Task brief: Transcribe exactly the line that contains "[STYLUS.3323] Velcro Loop 25mm White Adhesive" and every line after it to the end of the entries, and nothing more.

Records supplied:
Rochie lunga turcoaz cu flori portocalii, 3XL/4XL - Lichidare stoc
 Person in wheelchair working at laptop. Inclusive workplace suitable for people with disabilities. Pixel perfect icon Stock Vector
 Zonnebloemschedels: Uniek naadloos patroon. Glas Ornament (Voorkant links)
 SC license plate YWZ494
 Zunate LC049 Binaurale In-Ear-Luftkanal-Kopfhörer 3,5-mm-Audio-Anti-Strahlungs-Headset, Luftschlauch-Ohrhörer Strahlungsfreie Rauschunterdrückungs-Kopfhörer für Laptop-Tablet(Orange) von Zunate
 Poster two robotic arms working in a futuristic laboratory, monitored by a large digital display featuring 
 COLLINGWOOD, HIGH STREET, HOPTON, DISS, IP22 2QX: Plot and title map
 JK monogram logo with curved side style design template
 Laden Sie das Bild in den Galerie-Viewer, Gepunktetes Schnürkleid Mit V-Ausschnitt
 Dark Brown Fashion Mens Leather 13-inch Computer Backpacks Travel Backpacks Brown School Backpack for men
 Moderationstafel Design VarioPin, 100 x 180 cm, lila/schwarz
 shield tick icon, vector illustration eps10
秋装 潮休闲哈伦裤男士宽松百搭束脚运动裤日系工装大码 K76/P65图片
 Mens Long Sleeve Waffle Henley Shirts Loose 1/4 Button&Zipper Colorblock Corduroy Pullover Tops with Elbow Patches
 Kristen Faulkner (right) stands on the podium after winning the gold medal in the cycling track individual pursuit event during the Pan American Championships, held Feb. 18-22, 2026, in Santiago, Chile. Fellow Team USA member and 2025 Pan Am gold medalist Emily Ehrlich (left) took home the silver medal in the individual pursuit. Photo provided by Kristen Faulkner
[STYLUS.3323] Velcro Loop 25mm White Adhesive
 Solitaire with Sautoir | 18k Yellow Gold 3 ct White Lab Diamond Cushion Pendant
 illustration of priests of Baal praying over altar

Response below:
[STYLUS.3323] Velcro Loop 25mm White Adhesive
 Solitaire with Sautoir | 18k Yellow Gold 3 ct White Lab Diamond Cushion Pendant
 illustration of priests of Baal praying over altar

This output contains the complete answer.